ATel #4109; Thomas J. Maccarone (Southampton), Reba Bandyopadhyay (Florida), Jamie Kennea (Penn State), Chris Britt, Rob Hynes (Lousiana State), Peter Jonker (SRON/Radboud/CfA), Danny Steeghs (Warwick/CfA), Sandra Greiss (Warwick), Gijs Nelemans (Radboud), Phil Lucas (Hertfordshire)
on 11 May 2012; 16:48 UT
Credential Certification: Tom Maccarone (tjm@phys.soton.ac.uk)
Subjects: Optical, X-ray, Binary, Neutron Star, Transient
In conjunction with the Vista Variables in the Via Lactea's intensive
Bulge monitoring program, we have arranged a Swift monitoring program
of a large region of the inner Galactic Bulge. The program consists
of 8 epochs of 500 seconds apiece over the region of the sky which has
already been covered by the Chandra Galactic Bulge Survey program
(Jonker et al., 2011, ApJS, 194, 18), as well as the part of the inner
2*1 degree region of the Galaxy that has been observed deeply with
Chandra (Muno et al. 2009, ApJS, 181, 110). The UVOT data are taken
predominantly in the uwm2 filter, and the scheduling is quasi-random
so that over the whole survey, the largest possible range of
timescales for transients may be studied. Some coordination with the
VVV scheduling will be attempted in cases where new transients are
seen in the X-rays, but no coordination is set up in advance; the VVV
sampling is generally quite good so that quasi-simultaneous data will
be available for most bright transients which should be good enough to
associate a target with its infrared candidate.

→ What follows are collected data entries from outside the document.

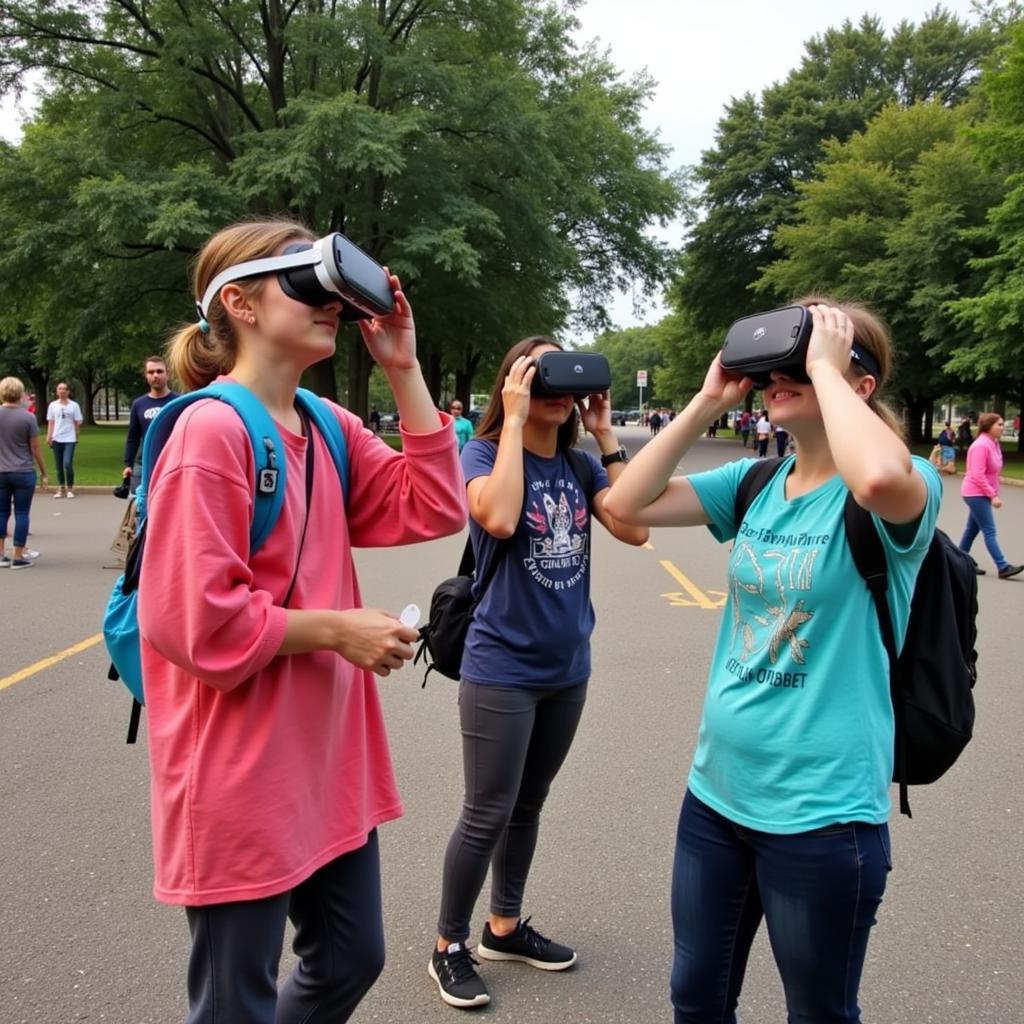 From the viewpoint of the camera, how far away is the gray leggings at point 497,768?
2.51m

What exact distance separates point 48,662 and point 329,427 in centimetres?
489

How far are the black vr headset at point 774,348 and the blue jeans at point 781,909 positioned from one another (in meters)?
0.90

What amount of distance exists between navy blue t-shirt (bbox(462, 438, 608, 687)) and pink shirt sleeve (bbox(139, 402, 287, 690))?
44.8 inches

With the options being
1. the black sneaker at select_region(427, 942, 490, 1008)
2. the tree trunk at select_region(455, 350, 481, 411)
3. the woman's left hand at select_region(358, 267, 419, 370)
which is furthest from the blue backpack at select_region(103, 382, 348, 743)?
the tree trunk at select_region(455, 350, 481, 411)

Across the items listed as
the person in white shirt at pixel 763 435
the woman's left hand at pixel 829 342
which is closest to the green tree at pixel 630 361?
the person in white shirt at pixel 763 435

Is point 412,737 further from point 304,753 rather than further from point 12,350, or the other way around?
point 12,350

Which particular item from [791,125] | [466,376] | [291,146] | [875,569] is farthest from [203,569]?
[791,125]

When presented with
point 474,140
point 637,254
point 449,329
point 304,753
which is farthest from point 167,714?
point 637,254

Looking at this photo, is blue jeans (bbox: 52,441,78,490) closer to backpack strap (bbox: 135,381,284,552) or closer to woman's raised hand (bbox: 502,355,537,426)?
woman's raised hand (bbox: 502,355,537,426)

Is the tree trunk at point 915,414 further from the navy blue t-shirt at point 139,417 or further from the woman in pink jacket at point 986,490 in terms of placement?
the navy blue t-shirt at point 139,417

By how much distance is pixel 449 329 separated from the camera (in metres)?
27.3

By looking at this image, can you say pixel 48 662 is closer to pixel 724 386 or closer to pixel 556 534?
pixel 556 534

The program began on 1 May 2012. In the data for 7 May 2012, we
detected the X-ray transient AXJ1754.2-2754, at a count rate of
5*10^-2 cts/sec, which corresponds to a luminosity of 4*10^34 ergs/sec
assuming an 8 kpc distance, Galactic absorption and a Gamma=2.0
spectral index. The source is near the edge of the field of view, has
fewer than 30 counts, and a hot column runs through the source, so
detailed estimates of the source flux are not warranted, but the
source is clearly active, and above 10^34 ergs/sec if at a distance of
8 kpc.
This source showed a Type I X-ray burst on 16 April 2005 (ATel #1094),
was detected quite strongly (at a luminosity of approximately 10^35
ergs/sec) with 1 ksec Chandra HRC-I observations on 14 August 2007,
but is not detected in the Chandra Galactic Bulge Survey X-ray data
take on 8 May 2008 (ATel #1575), indicating variability of at least a
factor of a few hundred. Furthermore, it was detected by Swift and
Chandra at luminosities of about 10^35 ergs/sec in 10 separate
observations in July of 2008 (ATel #1643).

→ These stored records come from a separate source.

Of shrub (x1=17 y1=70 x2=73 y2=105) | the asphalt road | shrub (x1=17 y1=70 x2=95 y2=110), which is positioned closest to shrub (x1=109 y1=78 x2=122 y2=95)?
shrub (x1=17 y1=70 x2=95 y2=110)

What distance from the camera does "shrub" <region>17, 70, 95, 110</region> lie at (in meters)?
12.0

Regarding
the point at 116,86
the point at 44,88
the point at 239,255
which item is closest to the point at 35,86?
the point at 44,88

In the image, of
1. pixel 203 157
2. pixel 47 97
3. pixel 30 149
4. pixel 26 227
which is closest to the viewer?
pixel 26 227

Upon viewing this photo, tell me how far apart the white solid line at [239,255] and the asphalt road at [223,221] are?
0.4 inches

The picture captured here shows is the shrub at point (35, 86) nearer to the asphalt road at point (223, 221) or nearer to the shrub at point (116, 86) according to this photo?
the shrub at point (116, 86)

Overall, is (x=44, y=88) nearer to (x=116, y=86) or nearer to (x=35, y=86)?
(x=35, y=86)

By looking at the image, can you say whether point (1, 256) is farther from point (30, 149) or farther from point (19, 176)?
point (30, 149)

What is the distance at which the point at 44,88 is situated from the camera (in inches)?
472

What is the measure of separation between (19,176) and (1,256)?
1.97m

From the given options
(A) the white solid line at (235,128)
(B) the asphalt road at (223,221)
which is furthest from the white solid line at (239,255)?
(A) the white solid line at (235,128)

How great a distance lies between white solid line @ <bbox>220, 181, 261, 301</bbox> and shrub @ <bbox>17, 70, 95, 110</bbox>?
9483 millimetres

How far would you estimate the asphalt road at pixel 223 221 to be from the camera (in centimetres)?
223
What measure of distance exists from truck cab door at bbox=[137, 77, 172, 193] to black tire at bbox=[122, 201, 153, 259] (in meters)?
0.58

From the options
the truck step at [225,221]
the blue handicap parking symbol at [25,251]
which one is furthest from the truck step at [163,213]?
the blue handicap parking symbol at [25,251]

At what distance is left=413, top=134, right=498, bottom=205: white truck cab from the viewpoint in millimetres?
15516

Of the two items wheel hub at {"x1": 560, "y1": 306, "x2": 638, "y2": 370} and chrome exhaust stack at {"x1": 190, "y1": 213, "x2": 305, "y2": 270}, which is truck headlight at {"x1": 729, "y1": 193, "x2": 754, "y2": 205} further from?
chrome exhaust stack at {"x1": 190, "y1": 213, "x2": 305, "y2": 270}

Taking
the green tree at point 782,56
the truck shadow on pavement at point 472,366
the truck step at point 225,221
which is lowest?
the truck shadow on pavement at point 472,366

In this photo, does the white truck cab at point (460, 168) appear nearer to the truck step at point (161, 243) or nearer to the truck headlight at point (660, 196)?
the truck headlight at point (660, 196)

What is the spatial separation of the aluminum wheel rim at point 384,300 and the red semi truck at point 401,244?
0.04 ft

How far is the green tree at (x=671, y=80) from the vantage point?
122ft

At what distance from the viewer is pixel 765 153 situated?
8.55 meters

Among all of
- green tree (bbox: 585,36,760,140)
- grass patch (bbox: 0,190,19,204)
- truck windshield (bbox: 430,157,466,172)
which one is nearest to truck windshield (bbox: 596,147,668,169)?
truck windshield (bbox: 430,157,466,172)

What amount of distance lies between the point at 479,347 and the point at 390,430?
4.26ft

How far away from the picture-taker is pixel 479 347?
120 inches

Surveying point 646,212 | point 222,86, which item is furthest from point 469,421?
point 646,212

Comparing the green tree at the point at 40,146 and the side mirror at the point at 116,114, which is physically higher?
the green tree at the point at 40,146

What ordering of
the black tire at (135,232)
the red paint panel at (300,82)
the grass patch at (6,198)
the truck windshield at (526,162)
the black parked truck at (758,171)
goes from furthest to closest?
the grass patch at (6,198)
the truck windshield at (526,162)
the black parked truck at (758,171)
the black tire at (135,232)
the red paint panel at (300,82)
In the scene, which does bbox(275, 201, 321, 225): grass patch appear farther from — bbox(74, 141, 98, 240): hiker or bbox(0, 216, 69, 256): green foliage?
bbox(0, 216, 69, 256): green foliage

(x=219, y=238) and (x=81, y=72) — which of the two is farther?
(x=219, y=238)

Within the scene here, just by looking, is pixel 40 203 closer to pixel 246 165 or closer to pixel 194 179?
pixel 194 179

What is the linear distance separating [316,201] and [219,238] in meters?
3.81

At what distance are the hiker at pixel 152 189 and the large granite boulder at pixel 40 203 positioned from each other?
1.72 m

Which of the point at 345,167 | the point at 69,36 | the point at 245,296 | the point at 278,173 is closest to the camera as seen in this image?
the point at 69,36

The source's combination of optical and X-ray faintness, long
outbursts, and burst properties, it was suggested to be a likely
ultracompact X-ray binary (ATel #1575). If the system is ultracompact
the lack of a detection in the GBS data should not be due to eclipsing
by its mass donor; persistent ultracompact X-ray binaries must have
orbital periods of less than about an hour, and an eclipse as long as
the 2000 seconds of the GBS observation is thus not possible. The
system may thus be an example of a transient with a high duty cycle as
a bright source, and only a very low duty cycle in quiescence. Such
an object would present a challenge for disk instability theory.

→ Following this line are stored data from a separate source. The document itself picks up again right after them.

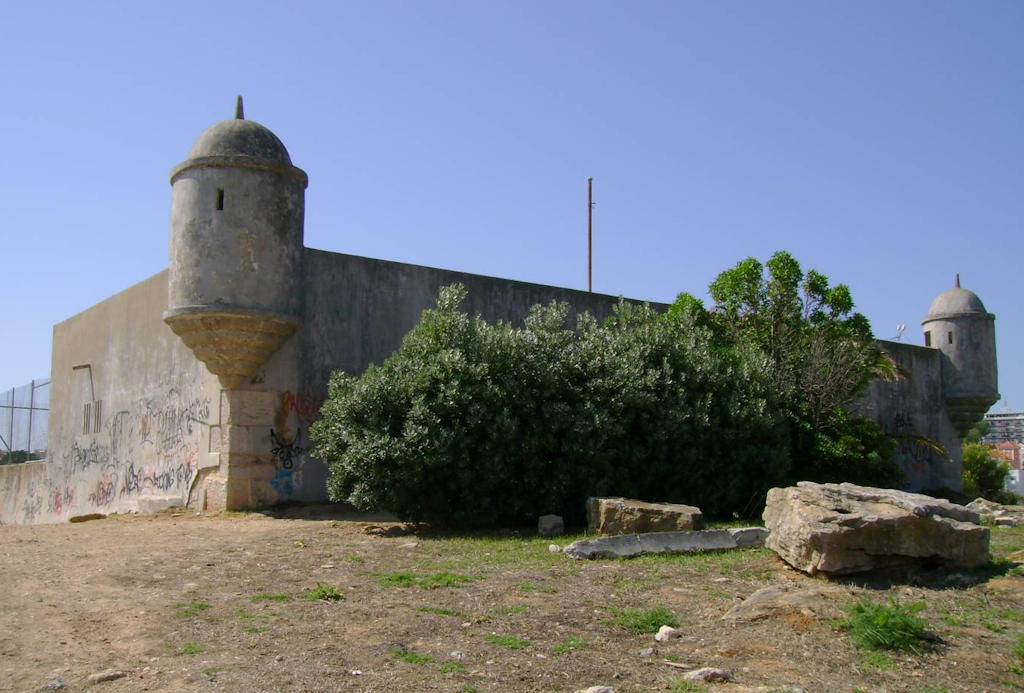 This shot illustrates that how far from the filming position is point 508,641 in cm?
653

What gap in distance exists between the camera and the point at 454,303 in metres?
13.5

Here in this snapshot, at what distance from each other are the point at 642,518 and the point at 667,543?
0.92 metres

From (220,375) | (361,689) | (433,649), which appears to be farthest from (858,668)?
(220,375)

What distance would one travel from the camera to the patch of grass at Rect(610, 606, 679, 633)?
7.05 metres

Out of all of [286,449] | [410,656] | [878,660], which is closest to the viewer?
[410,656]

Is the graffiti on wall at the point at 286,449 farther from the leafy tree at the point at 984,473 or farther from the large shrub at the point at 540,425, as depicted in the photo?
the leafy tree at the point at 984,473

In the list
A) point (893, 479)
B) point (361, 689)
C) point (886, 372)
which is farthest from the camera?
point (886, 372)

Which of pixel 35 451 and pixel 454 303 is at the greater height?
pixel 454 303

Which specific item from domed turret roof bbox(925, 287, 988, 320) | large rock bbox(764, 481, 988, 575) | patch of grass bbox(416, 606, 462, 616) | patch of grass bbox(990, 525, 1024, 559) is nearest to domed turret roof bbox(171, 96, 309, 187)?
patch of grass bbox(416, 606, 462, 616)

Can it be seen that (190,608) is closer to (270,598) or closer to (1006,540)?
(270,598)

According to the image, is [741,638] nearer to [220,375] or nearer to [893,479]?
[220,375]

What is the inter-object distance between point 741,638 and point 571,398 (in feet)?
22.1

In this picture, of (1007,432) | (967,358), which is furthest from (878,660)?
(1007,432)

One alternative is that the system could be a hierarchical triple
star, with the outer star doing the eclipsing of the inner binary,
althought clearly more data would be needed to confirm this
speculation. Some information is possible from the long Chandra
observation already indicates that the period of the outer star in
such a triple would have to be longer than about 30 ksec or an eclipse
would have been seen in that data set. On the other hand, seeing a
single eclipse of 2 kiloseconds in the extant data suggests that the
eclipses appear approximately once per 50 kiloseconds, with large
uncertainties.
The source has a candidate optical counterpart in Blanco telescope data taken
in the summer of 2010, with r'=21.7+-0.5 (with the uncertainties
dominated by the zero-point calibration). There is
marginal evidence for variability of the source in the optical data.
Since the nondetection in i' reported in ATel #1575 was for a redder
filter and was to a much deeper limit, that would also imply that the
source had been inactive, or faint due to an eclipse, in June 2006.